# Question 00f8c

Nov 25, 2017

The horizontal travel before landing would be farther when the angle is ${35}^{\circ}$.

#### Explanation:

Your first answer showed that the horizontal component of velocity would be less with the angle at ${35}^{\circ}$. But the vertical component of velocity would be greater. Because of the greater vertical velocity, it will spend more time in the air. That allows the horizontal velocity to carry the ball farther. (It turns out that ${45}^{\circ}$ gives the maximum range.)

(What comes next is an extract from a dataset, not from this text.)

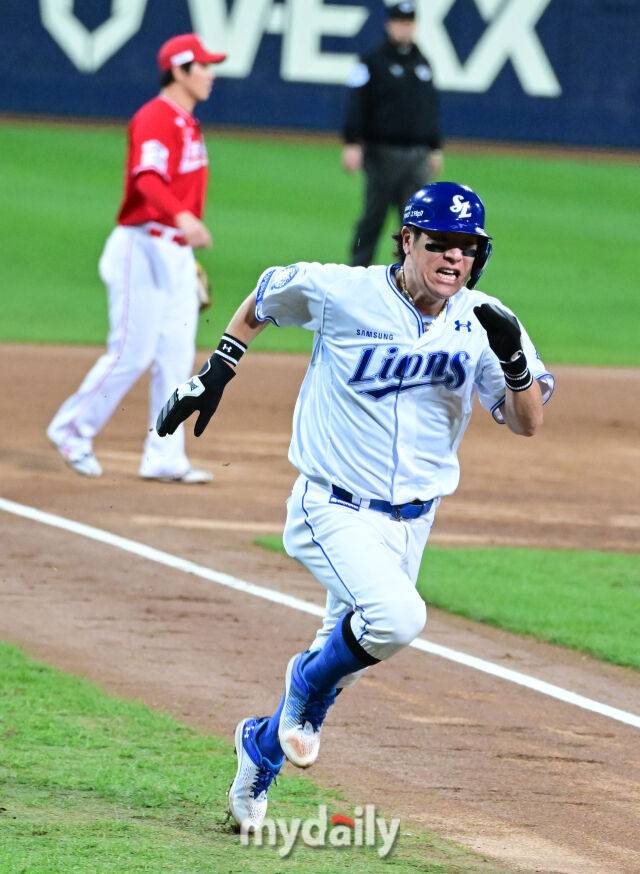 2025년 10월 14일 오후 대구 삼성라이온즈파크에서 열린 '2025 신한 SOL Bank KBO 포스트시즌' SSG 랜더스와 삼성 라이온즈의 준플레이오프 4차전 경기. 삼성 2루 주자 강민호가 3회말 1사 1.2루에서 김지찬의 1타점 적시타 때 홈으로 뛰고 있다./마이데일리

We can get the time from a vertical motion analysis:
$s = u \cdot t + a \cdot {t}^{2} / 2$
where s = 0 (because it ends up on the ground),
$u = 13.9 \frac{m}{s} \cdot \sin {35}^{\circ} \left(\text{initial vertical component of velocity}\right)$, and
a = -9.8 m/s^2.

Plugging in the data
$0 = 13.9 \frac{m}{s} \cdot \sin {35}^{\circ} \cdot t + \frac{\left(- 9.8 \frac{m}{s} ^ 2\right) \cdot {t}^{2}}{2}$

Dividing both sides by t
$0 = 13.9 \frac{m}{s} \cdot \sin {35}^{\circ} + \frac{\left(- 9.8 \frac{m}{s} ^ 2\right) \cdot t}{2}$

Solving for t
$\frac{9.8 \frac{m}{s} ^ 2 \cdot t}{2} = 13.9 \frac{m}{s} \cdot \sin {35}^{\circ}$

$t = \frac{2 \cdot 13.9 \frac{m}{s} \cdot \sin {35}^{\circ}}{9.8 \frac{m}{s} ^ 2} = 1.62 s$

Now a horizontal motion analysis:

The horizontal component of the initial velocity is $13.9 \frac{m}{s} \cdot \cos {35}^{\circ}$ and it does not change until the ball hits the ground. So the horizontal distance it travels is given by multiplying that velocity by the time in the air.
$s = 13.9 \frac{m}{s} \cdot \cos {35}^{\circ} \cdot 1.62 s = 18.5 m$

I hope this helps,
Steve